Currently Australia wide there are 151 active cases of which 143 are ROTs. There is one active case in Victoria which is a ROT; 42 active cases in NSW of which 40 are ROTs and 74 active cases in Qld of which 68 are ROTs.
The only area that we appear to be falling down on is the rollout of the vaccine Australia wide. This hasn't been helped by a Victorian man reported to have developed blood clots after being vaccinated with the AstraZeneca vaccine. The TGA is looking into this and will report on it in due course.
The rollout of the vaccine in Australia is also caught up in a blame game between the states and the federal government, who knows where the real blame lies there. I would have thought that by now there would be mass vaccination centres established as well as the roll out through GP clinics and the like. Why aren't pharmacists involved in the roll out, my local pharmacist gave me my flu jab the other day.
| COUNTRY | VACC | DOSES | per 100k |
|---|---|---|---|
| Israel | ![]() ![]() | 10,055,840 | 118,040 |
| Seychelles | ![]() ![]() | 102,080 | 104,163 |
| UAE | ![]() ![]() ![]() ![]() | 8,391,302 | 85,880 |
| Chile | ![]() ![]() | 10,760,851 | 56,780 |
| Bhutan | 423,114 | 55,454 | |
| UK | ![]() ![]() | 35,660,902 | 52,807 |
| Bahrain | ![]() ![]() ![]() ![]() | 775,196 | 47,239 |
| USA | ![]() ![]() ![]() | 153,631,404 | 46,687 |
| Monaco | ![]() | 18,081 | 46,362 |
| Australia | ![]() ![]() | 710,067 | 2,817 |
| New Zealand | ![]() | 68,666 | 1,436 |
| Worldwide | 617,027,408 | 7,99 |
The figures above are starting to get a trifle misleading because some countries are now well into the second round jabs. Take for example the UK, they are shown above as administered 35 million doses however only 4.5 million UKers are fully vaccinated, or 6.65% of the population of 68 million.

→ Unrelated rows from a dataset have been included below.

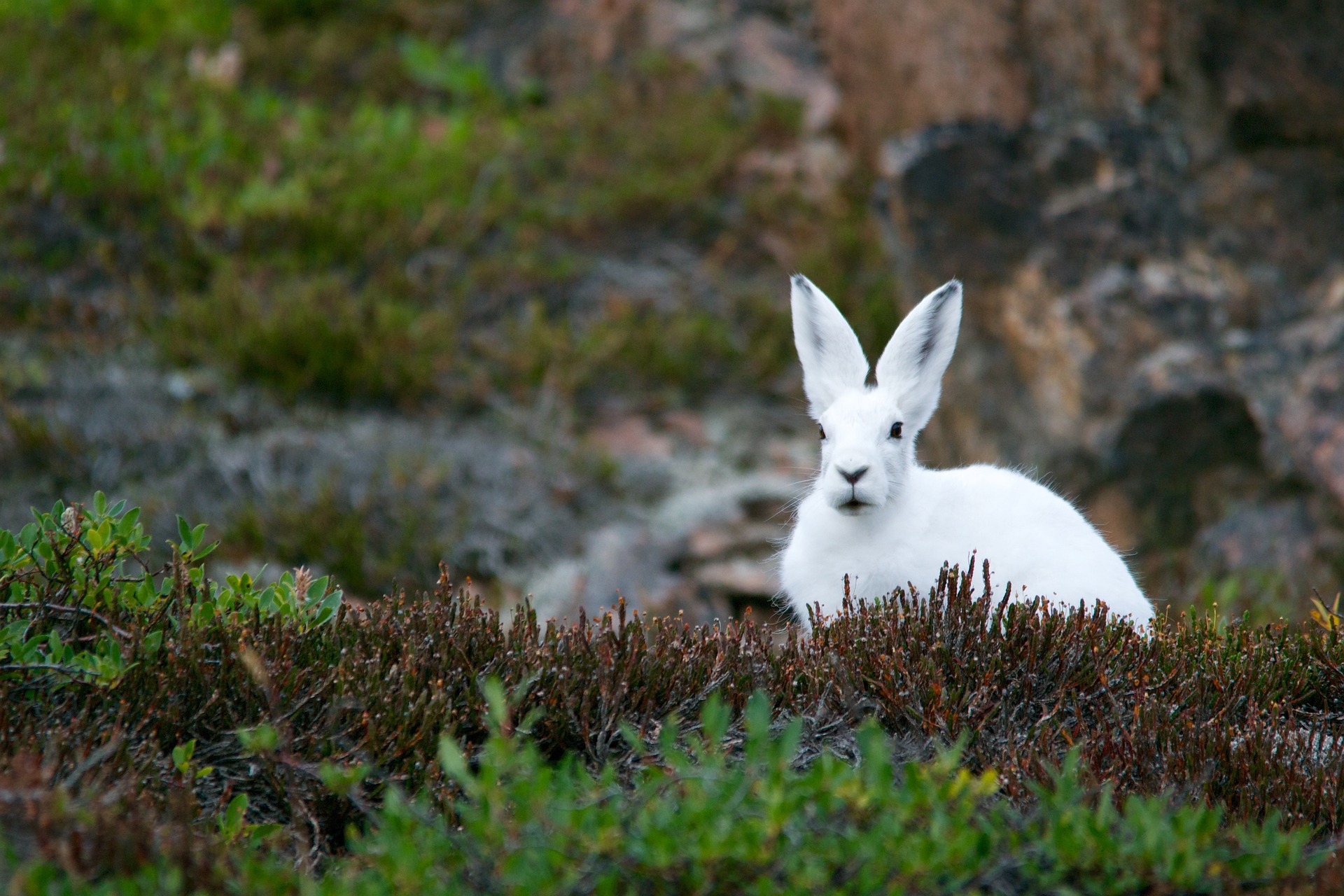 white rabbit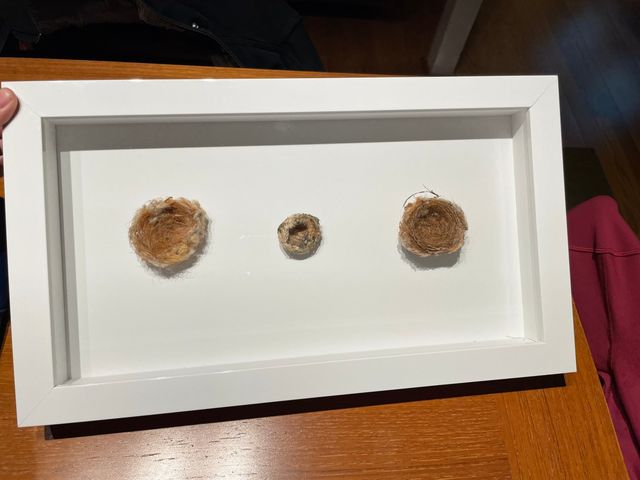 Three small bird nests mounted in a row inside a deep white shadow box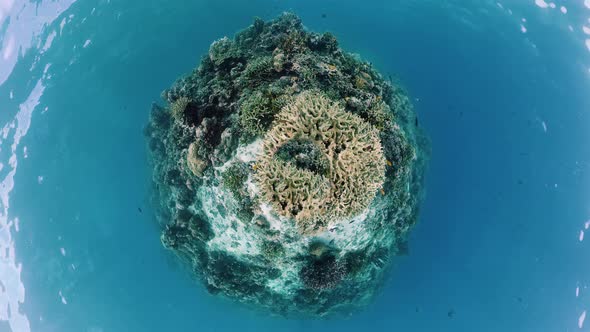 Coral Reef with Fish Underwater. Bohol, Philippines.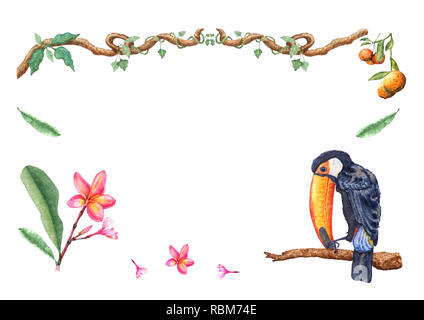 Hand drawn watercolor toucan sitting on a tree branch, mandarin fruits, plumeria flowers and buds, lianas. For greeting, invitation card, design. Stock Photo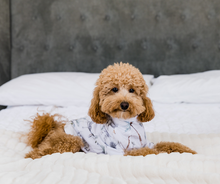 Load image into Gallery viewer, SAFARI - Pet's One Piece Matching Pyjama Set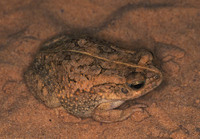 : Bufo xeros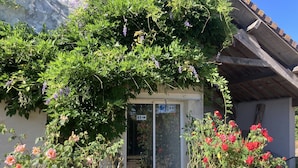 En byggnadsentré med en glasdörr, omgiven av frodig grönska och blommande växter.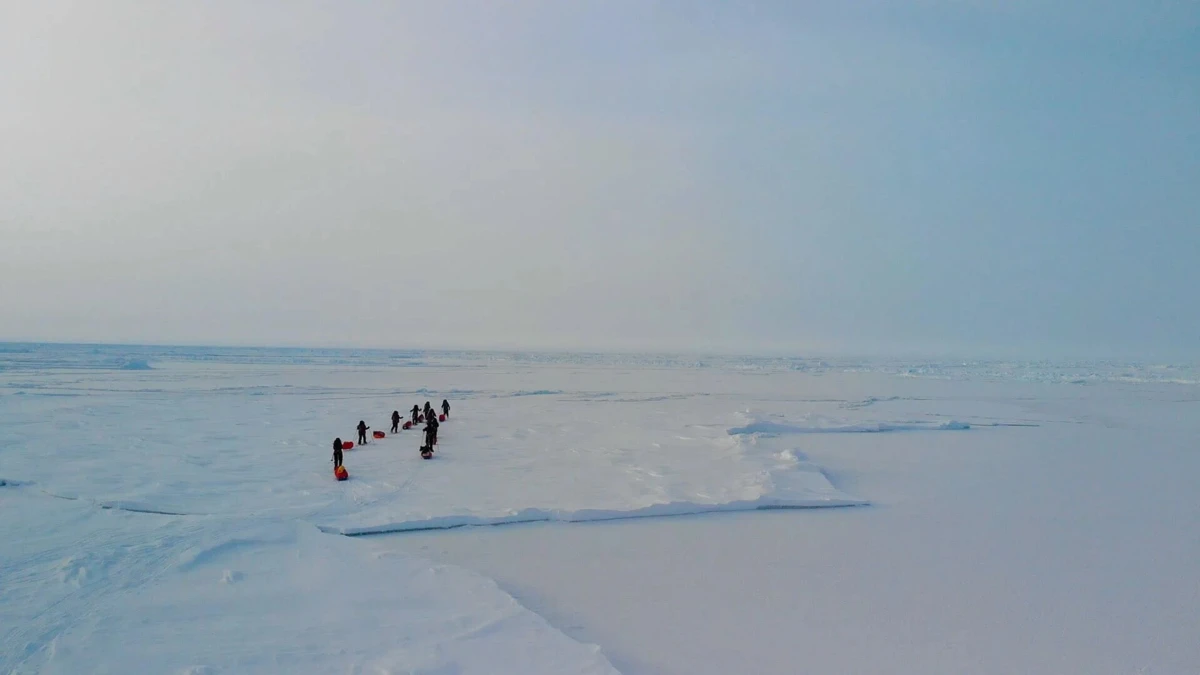 Onze mulheres que participaram na expedição vieram de paragens muito distintas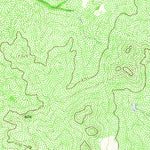 United States Geological Survey Cuervo Creek, TX (1965, 24000-Scale) digital map
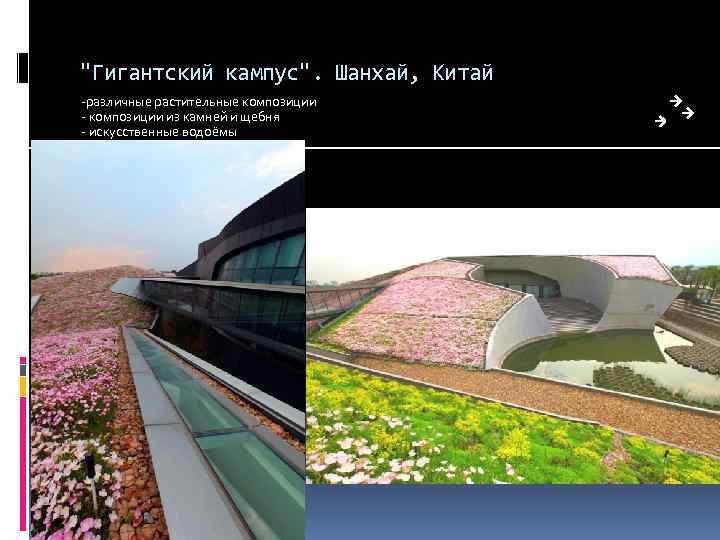 "Гигантский кампус". Шанхай, Китай -различные растительные композиции - композиции из камней и щебня -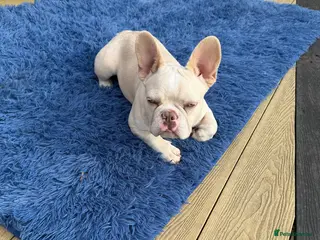 French Bulldog dogs Beautiful New Shade Isabella French Bulldog Puppy - Advert 15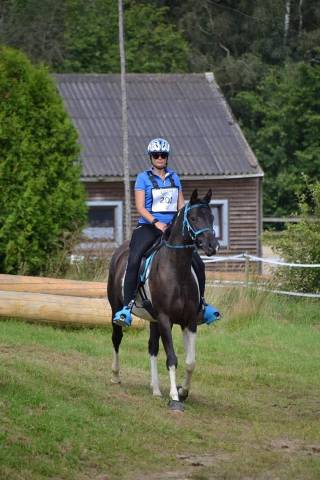 Ruin Arabisch halfbloed Te koop 2017 Bontzwart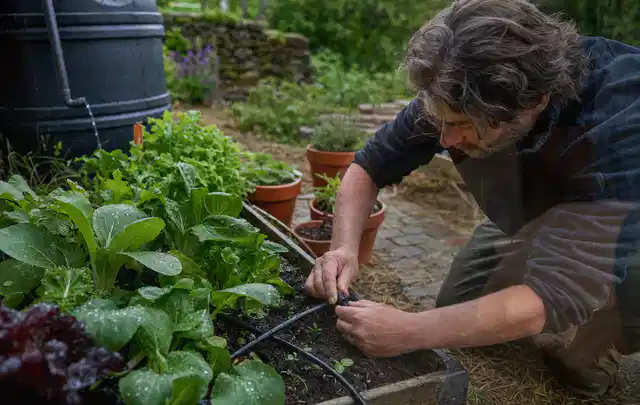 Person stellt die Bewässerung an einem bepflanzten Hochbeet ein; Thema Gardena Bewässerung, Schwerpunkt Anwendung; Kontrolle.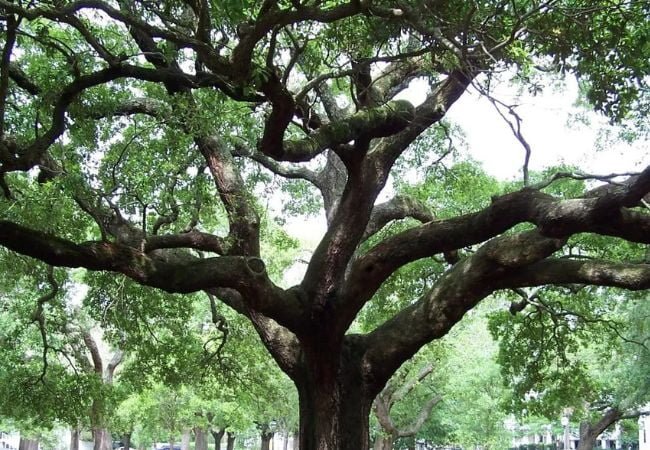 Lush and Lovely: Trees That Start with 'L'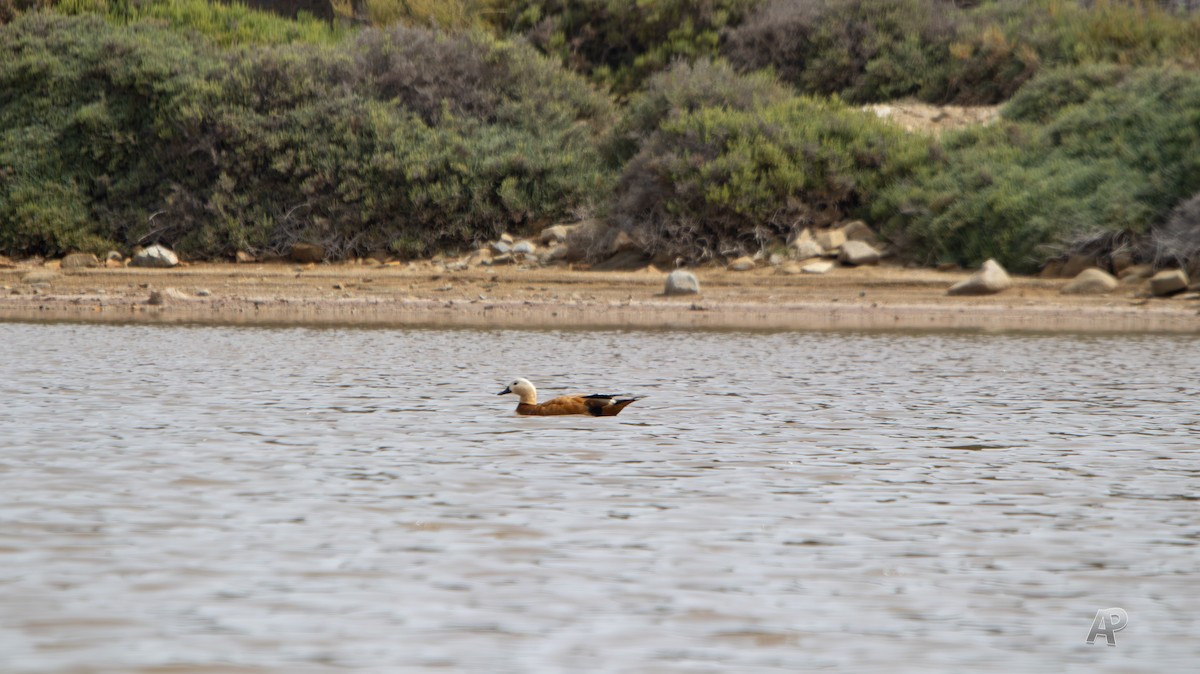 rustand - ML576757541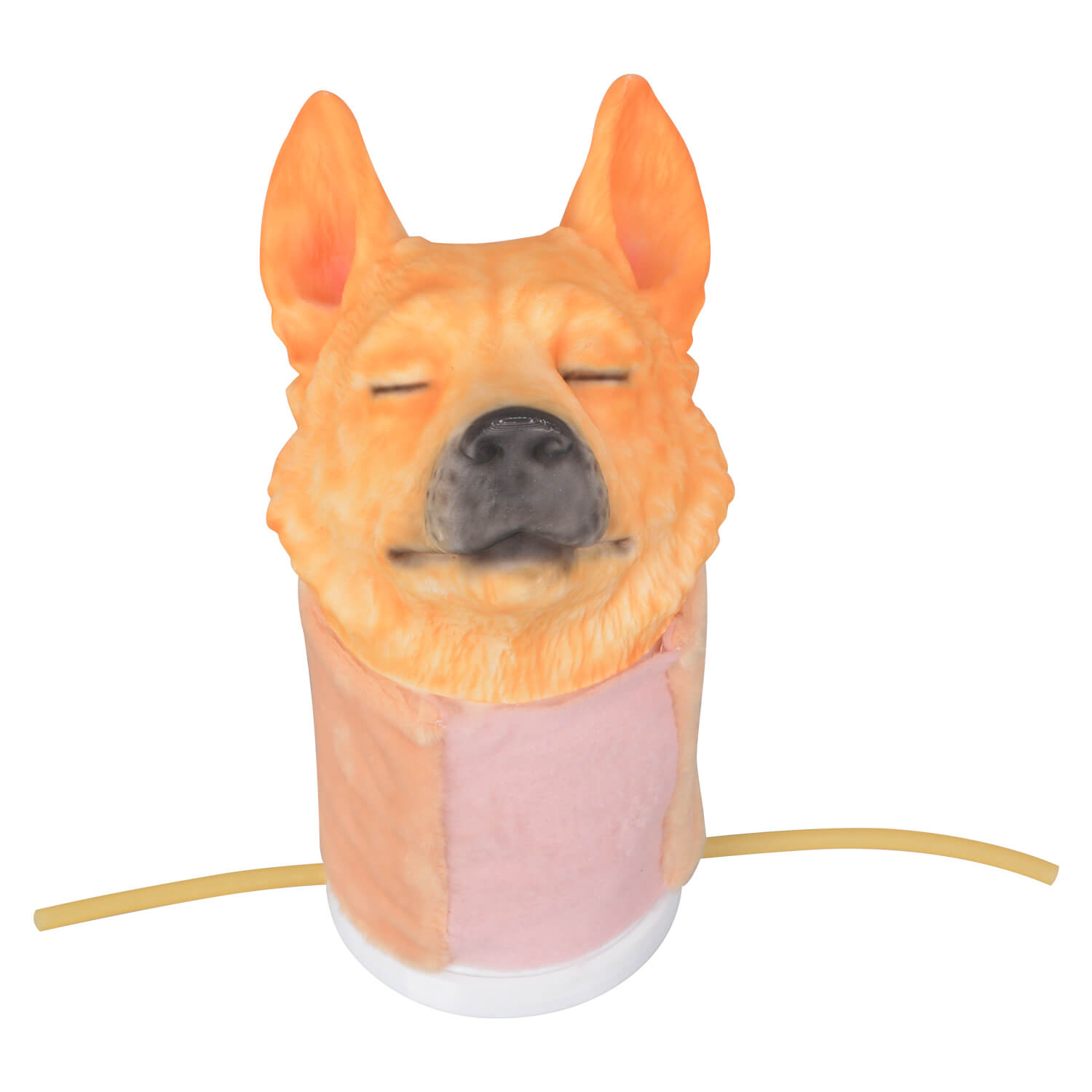 Canine Jugular Venipuncture Head Simulator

Israel has fully vaccinated (2 jabs) 55% of its population.
The WHO are only counting people who have received both jabs as being fully vaccinated.
Whichever way you count it they are still way ahead of Australia.
Worldwide the new daily infections continue to increase with 630,000 reported in the last 24 hours, the death figures are remaining reasonably constant with 11,376 reported in the last 24 hours.
The US daily infections are creeping back up with 78,000 reported in the 24 hours of 02/04 but deaths seem to have stabilised a little at 1,048 in the same 24 hour period.
The decline in daily rate of infection in the UK seems to have stalled a little with 4,600 new infections reported in the 24 hours of 02/04 however deaths are remaining low at 51 in the same 24 hour period.
Brazil reported 91,000 new infections in the last 24 hours and 3,769 deaths. Have they just given up? To date Brazil has fully vaccinated just 2.4% of its population.
A bit busy over the next couple of days so could be a bit of a break with the blog, but don't despair, as MacArthur said "I will return".